La route Transafricaine 9
Beira (Mozambique)-Lobito (Angola) commence au Mozambique.
Agriculture

L'économie repose essentiellement sur l´agriculture. Elle représente 21 % du PIB, 25 % des exportations et 80 % des emplois[8]. Des années 1970 à 90, l'agriculture était entièrement collectivisée. Depuis les années 2000, elle juxtapose des petites fermes familiales et de grandes exploitations appartenant à de grandes entreprises. Les agriculteurs n'arrivent pas à satisfaire les besoins alimentaires mais le pays exporte néanmoins du coton, du sucre, du coprah[9], une forte production de noix de cajou et une forte production de crevettes.
Une industrie minière
Les principaux atouts de développement du pays sont dans les secteurs du tourisme et dans l'industrie minière. En 2007, de grands projets d'exploitation du sous-sol[10] ont vu le jour pour exploiter les sables minéralisés, le charbon, l'or, la bauxite, le cuivre, l'argent et le tantale.
De vastes gisements de gaz
À partir des années 2010, de vastes gisements de gaz sont découverts dans la province de Cabo Delgado[11]. Ils peuvent faire du Mozambique un des dix premiers exportateurs mondiaux d'hydrocarbures[12].
Lors de l'été 2022, Filipe Nyusi, le président du Mozambique, annonce son intention de créer un fonds souverain pour gérer le gaz produit par son pays afin de financer son développement, amortir les chocs externes et supporter la volatilité des prix[13].
En novembre 2022, les premiers gisements de gaz naturel liquéfié (GNL) sont exportés[14]. Cette première exportation a été produite à l’usine offshore Coral Sul, gérée par le groupe italien Eni[15].
Développement économique
Histoire, forces et faiblesses
L'économie et la politique sont aux mains d'une très petite élite descendant des assimilados, les Africains assimilés par les Portugais durant l'époque coloniale, et une autre plus importante venant de l’Afrique du Sud, voisine.

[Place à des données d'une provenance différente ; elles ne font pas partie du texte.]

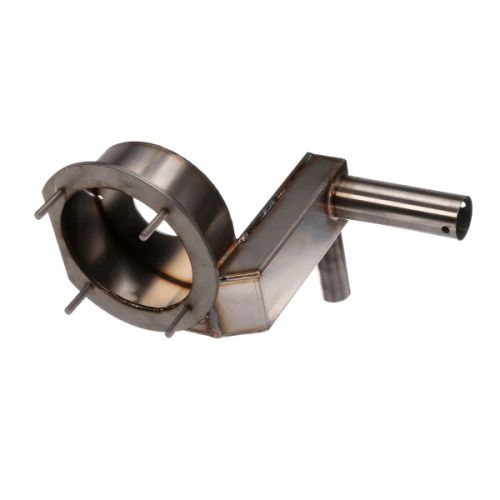 Jackson 5700-041-68-88 Weldment Pump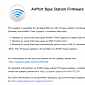 Apple Fixes WiFi Issues for iPhone/iPad Users with New AirPort Update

La plupart de la main d'œuvre est mal formée. Le système de formation porte les stigmates du passé colonial avec un système secondaire et universitaire peu développé. L'ancien système de formation africain n'avait pas pu évoluer à cause de la traite négrière, la colonisation portugaise a ensuite occidentalisé les élites en leur imposant une scolarité portugaise, mais juste de niveau primaire. Les élites qui ont conduit le pays à l´indépendance n'ont pu que transmettre à la masse l'éducation qu'ils ont, eux, reçue. L'économie est frappée par la fuite des cerveaux, les rares universitaires formés préférant s'expatrier.
Croissance
L'aide et les investissements internationaux ont permis au pays de faire quelques progrès spectaculaires. La croissance du PIB est à peu près de 7 % chaque année. Mais, après des années de forte croissance, l’économie du Mozambique a connu en 2016 (3,3 %) et en 2017 (3 %) un fort ralentissement (contre 7,9 % en moyenne depuis 2004)[16].

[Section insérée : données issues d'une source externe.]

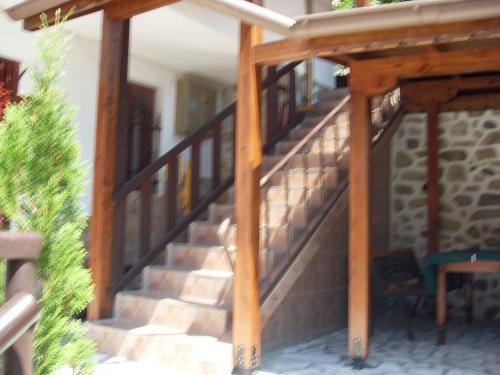 Guest House Rimski Most in Melnik Guest House Rimski Most in Melnik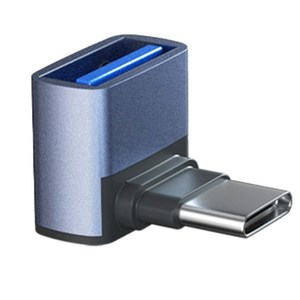 휴대폰 용 랩톱 PC 컴퓨터의 전환 어댑터 타입 -C에서 USB3.0 커넥터, 한개옵션0, 1개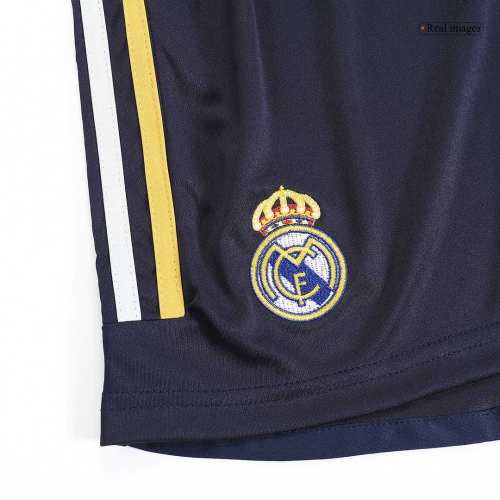 Real Madrid Away Shorts 2023/24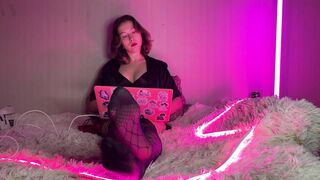 misswishh_ From Stripchat Private Porn Video  - cuckold, yoga, girls, mistresses, role-play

Le manque d'infrastructure, la corruption et la forte prévalence du VIH (qui a réduit l'espérance de vie à 48 ans) sont des freins au développement, ainsi que la présence de conflits armés ou d'instabilités civiles à ses frontières, ou des troubles locaux subsistant encore de façon sporadique à la suite de la longue guerre civile, et des difficultés environnementales avec leurs lots de populations déplacées à la suite de graves inondations et de périodes d'intense sécheresse.